• DIRECTIONS FOR THIS TASK:
Omit the pictures and return exactly the stretch of the material below from the line with "Nahaufnahme blowjob von" through the line with "appleyummybuns online show".

• DATA RECORDS:
- - - - -

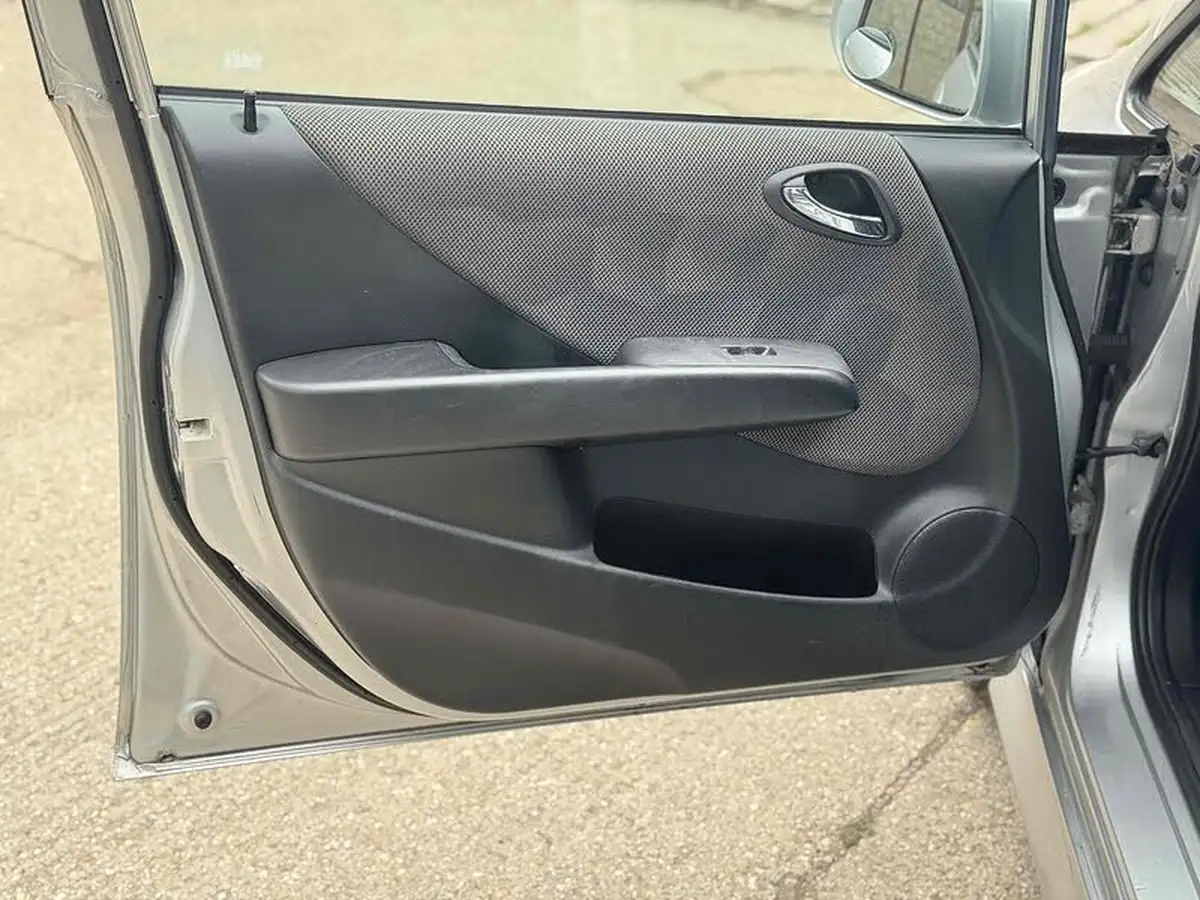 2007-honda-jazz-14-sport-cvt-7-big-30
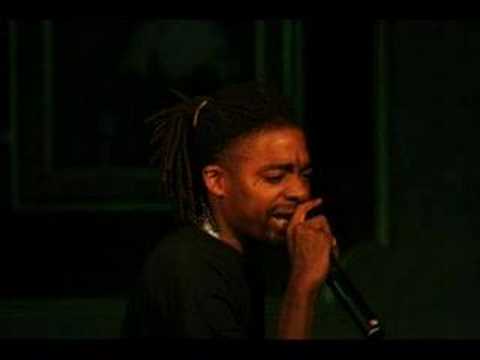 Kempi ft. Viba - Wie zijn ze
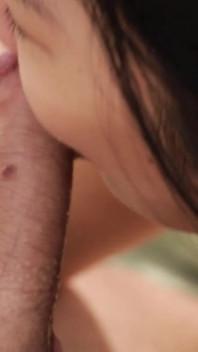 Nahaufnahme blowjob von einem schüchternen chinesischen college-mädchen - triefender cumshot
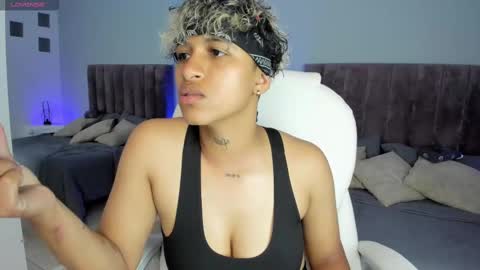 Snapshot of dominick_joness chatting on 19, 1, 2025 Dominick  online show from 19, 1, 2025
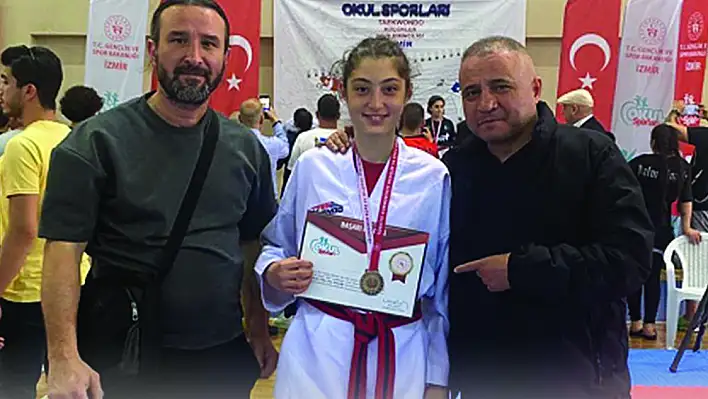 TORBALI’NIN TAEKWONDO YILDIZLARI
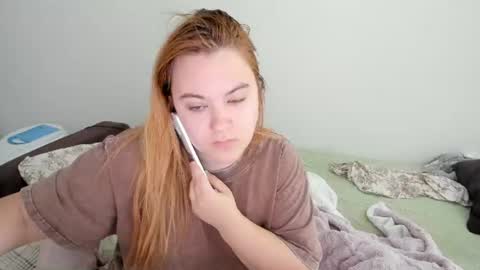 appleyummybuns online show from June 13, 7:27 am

- - - - -

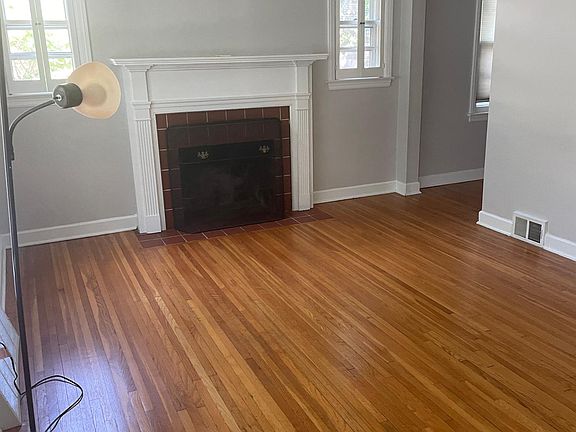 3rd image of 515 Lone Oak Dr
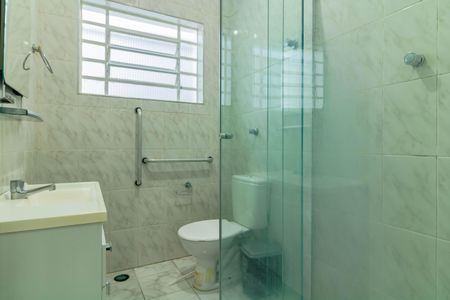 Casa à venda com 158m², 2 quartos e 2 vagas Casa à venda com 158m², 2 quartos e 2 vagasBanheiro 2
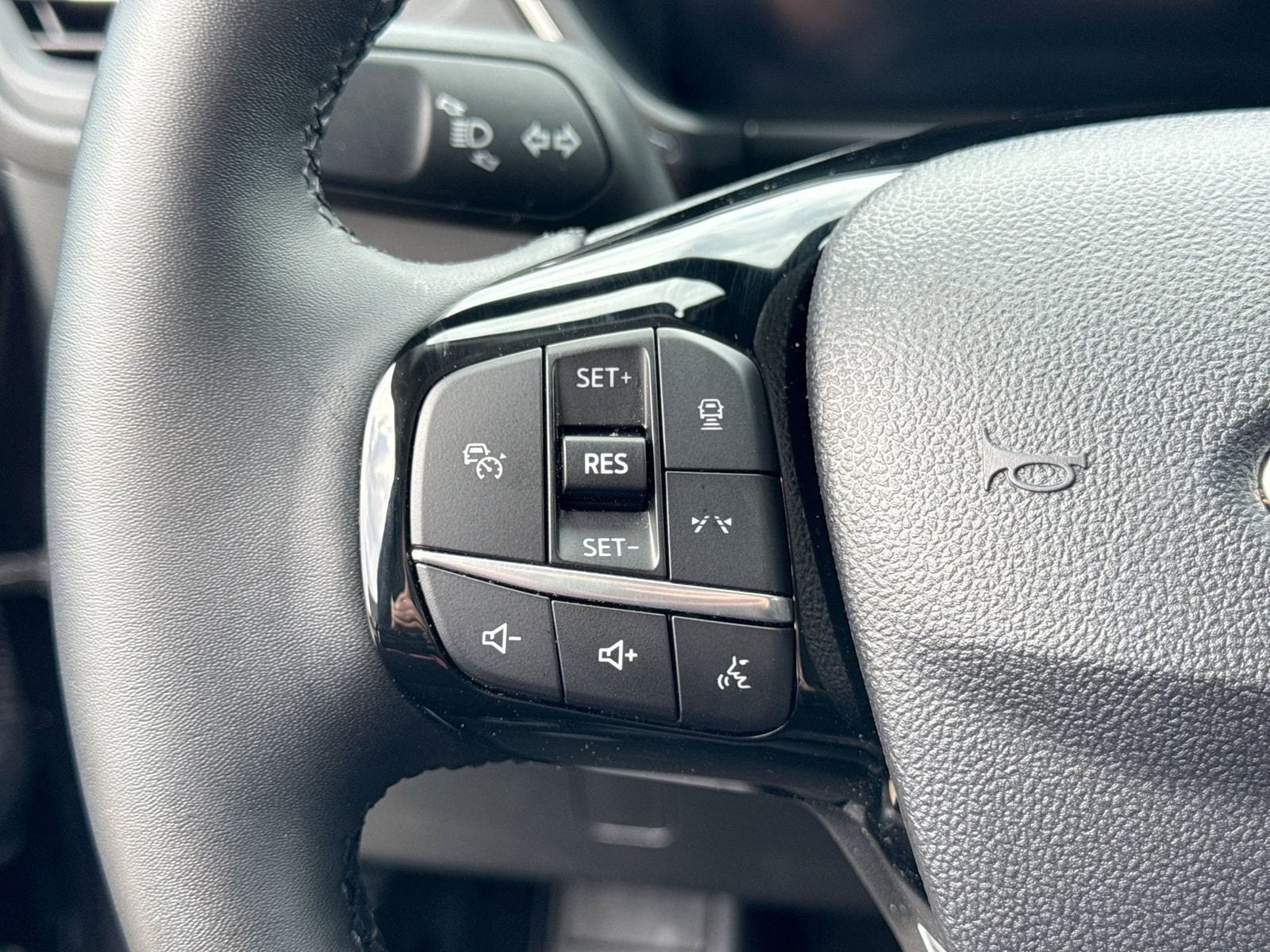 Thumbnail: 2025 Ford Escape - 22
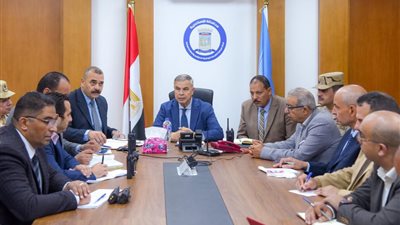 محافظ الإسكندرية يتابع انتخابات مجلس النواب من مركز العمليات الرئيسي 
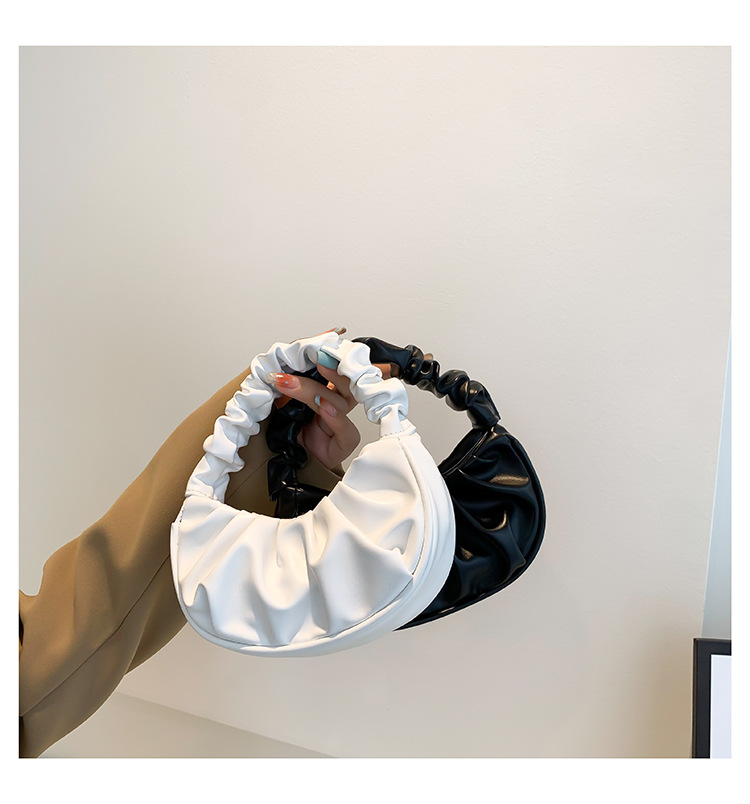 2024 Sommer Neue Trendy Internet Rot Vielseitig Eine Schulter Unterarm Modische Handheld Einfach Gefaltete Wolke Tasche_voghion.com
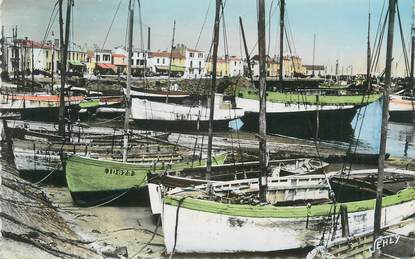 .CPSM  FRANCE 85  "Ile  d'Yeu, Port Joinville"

- - - - -

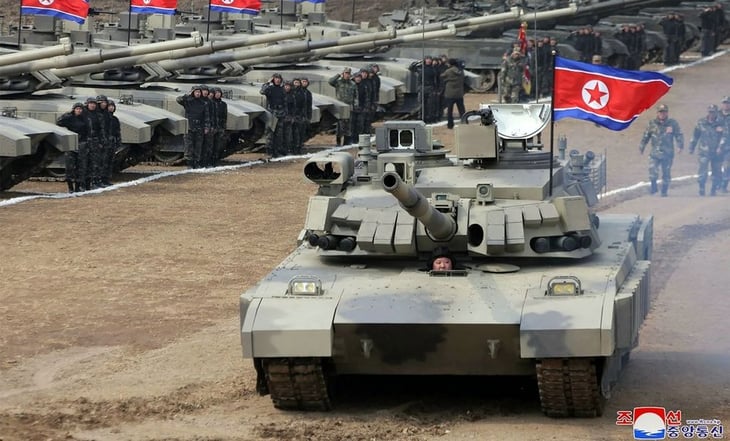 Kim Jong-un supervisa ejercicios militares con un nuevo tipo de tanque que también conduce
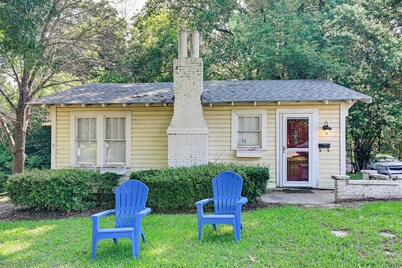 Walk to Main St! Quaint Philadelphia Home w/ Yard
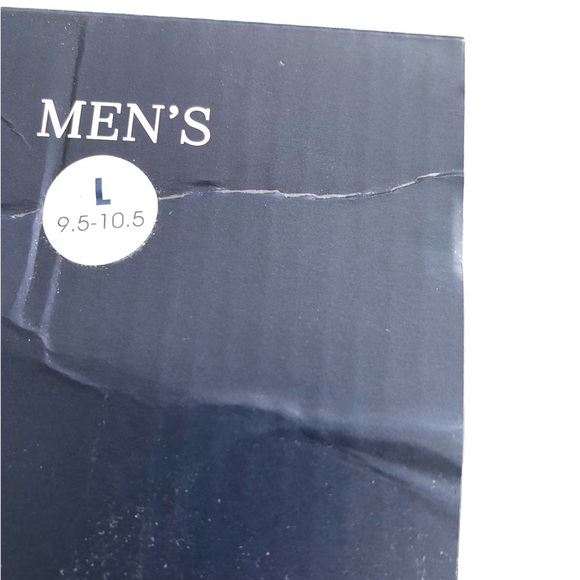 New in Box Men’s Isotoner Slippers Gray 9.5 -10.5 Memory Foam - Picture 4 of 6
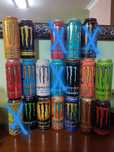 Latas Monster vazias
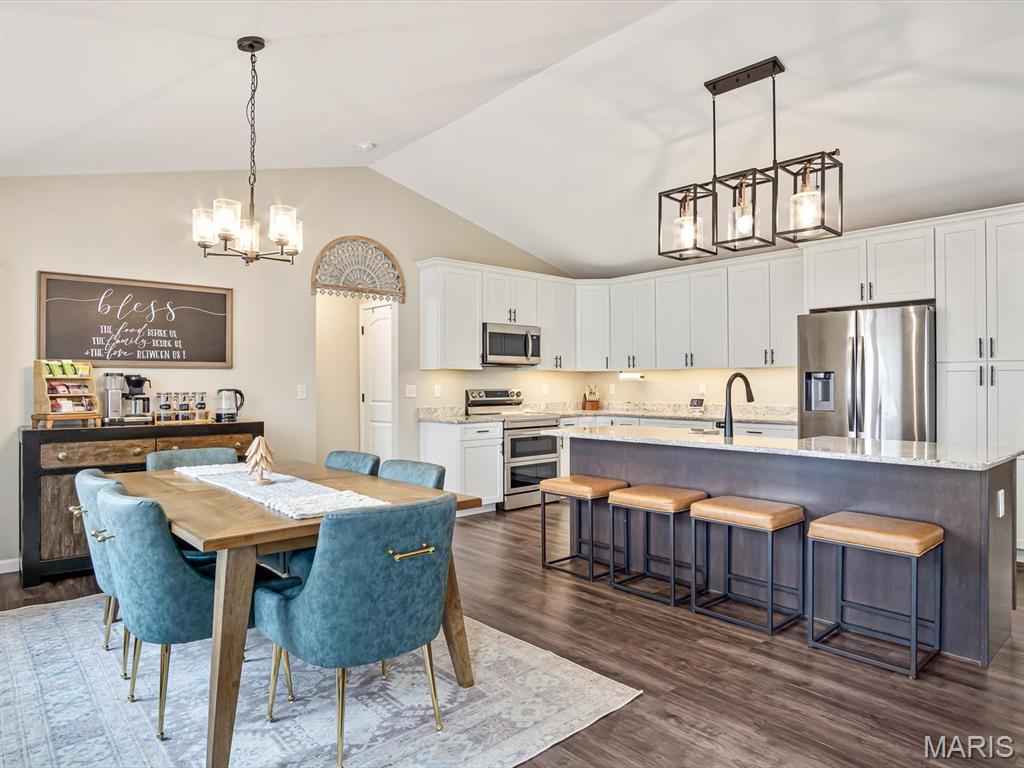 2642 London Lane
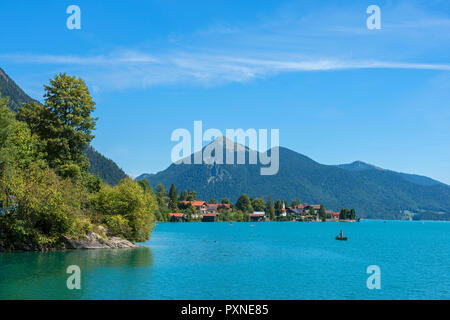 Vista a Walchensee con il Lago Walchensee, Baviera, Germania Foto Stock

- - - - -

• RESULT OF THIS EXERCISE:
 Nahaufnahme blowjob von einem schüchternen chinesischen college-mädchen - triefender cumshot
 Snapshot of dominick_joness chatting on 19, 1, 2025 Dominick  online show from 19, 1, 2025
 TORBALI’NIN TAEKWONDO YILDIZLARI
 appleyummybuns online show from June 13, 7:27 am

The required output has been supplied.